MATC, one of the largest of Wisconsin’s 16 technical colleges, cut its usual two-year degree development process down to five months. Network security, officials felt, is a rapidly growing concern. The National Science Foundation and the state of Wisconsin provided the college with grants and will continue to fund the program for several years.
“We knew we had to do it, since it’s such a growing concern, but this was really for us the spark that we needed to begin working on this program,” said Ken McCullough, head instructor for the Computer Information Systems Department at MATC.
The instructors at MATC worked with seven other Midwestern members of the Center for Systems Security and Information Assurance in order to develop a comprehensive curriculum. The college also worked with partners from the NSF, the Wisconsin Technical College System board, members of the Madison IT business community, and other schools.
“We were fortunate in that we were able to have a dedicated team that was well-coordinated, and we were able to spread the work amongst several faculty members here. In addition, we had done our homework. We had gotten our feet wet already because we were teaching some of this within the networking program,” McCullough said.
The curriculum focuses on familiarizing students with the computing systems and networks that they will be protecting in IT careers, then instructing them in appropriate defenses against network threats.
“You can’t protect something you don’t understand, so with the first semester, they’re learning the basics of the systems,” McCullough said.
In the first semester of the new two-year program, students took a core of four courses, covering principles of security, Windows servers, network functionality, and Perl, a programming language commonly used to write analysis software for logs of system activity.
MATC expects that students graduating with this degree will see excellent career growth, as many IT businesses in the area are seeking network security specialists, even those with less experience.
Most of the program’s 20 students made it through the first semester.
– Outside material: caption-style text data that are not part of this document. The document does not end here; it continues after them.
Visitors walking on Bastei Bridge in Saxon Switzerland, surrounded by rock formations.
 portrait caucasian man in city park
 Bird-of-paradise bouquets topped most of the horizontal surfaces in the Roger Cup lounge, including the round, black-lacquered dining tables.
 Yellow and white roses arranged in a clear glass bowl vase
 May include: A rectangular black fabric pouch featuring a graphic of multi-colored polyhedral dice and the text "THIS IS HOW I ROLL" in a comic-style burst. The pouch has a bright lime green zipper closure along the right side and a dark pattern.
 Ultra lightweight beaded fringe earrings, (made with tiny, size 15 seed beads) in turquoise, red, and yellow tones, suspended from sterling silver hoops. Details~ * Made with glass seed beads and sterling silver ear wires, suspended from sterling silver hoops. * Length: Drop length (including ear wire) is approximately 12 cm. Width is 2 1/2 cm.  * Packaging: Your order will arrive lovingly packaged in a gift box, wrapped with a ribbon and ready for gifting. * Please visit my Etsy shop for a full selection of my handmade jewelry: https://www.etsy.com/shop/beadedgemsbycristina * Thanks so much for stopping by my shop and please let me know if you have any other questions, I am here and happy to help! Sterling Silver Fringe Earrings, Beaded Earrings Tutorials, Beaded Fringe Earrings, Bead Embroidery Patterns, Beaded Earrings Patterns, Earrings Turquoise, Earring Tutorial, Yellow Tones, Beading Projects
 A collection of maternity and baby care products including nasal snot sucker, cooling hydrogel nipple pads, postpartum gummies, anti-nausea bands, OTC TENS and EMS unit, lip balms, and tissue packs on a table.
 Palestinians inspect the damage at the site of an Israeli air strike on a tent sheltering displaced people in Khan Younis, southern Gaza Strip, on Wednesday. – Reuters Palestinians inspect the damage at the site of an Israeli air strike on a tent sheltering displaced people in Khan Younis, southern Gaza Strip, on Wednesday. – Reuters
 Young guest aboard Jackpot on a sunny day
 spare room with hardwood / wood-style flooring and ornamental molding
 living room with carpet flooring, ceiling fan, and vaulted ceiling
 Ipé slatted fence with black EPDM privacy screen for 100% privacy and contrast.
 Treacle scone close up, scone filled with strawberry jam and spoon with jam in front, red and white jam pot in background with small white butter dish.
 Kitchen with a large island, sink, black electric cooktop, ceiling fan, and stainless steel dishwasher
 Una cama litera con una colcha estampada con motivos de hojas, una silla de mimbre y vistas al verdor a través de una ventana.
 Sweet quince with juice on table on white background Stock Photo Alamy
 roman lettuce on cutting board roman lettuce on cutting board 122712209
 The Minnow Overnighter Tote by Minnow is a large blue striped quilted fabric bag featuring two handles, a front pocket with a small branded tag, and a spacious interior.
MATC hired a new instructor to help teach the curriculum of the security degree and put existing faculty into the program as well.
“We’re really fortunate to have Nina [Milbauer] in the program as a good role model for women.” McCullough said. “She’s been able to reach out and get women and other underrepresented groups interested in the IT field.”
In accordance with the NSF grant requirements, MATC has been working with its seven partner schools within the Center for Systems Security and Information Assurance to become a training center for other colleges in the state that want to add similar degree programs.
Over the summer, the MATC offered courses to train instructors in how to teach the newly developed curriculum in their own institutions. For the first year, MATC taught a series of four classes, two focusing on networks and protection systems, two giving an overview of security, viruses and other threats. The college will be offering courses again this summer to train instructors to teach the advanced classes of the two-year degree.
And while that may sound like a lot, the college is also thinking about expanding its security training past its degree programs.
“In the fall, we’re going to be prepared to start another cohort of students through,” McCullough said. “We’re also moving forward in trying to develop something for the future, offering smaller scale security training for non IT-professionals.”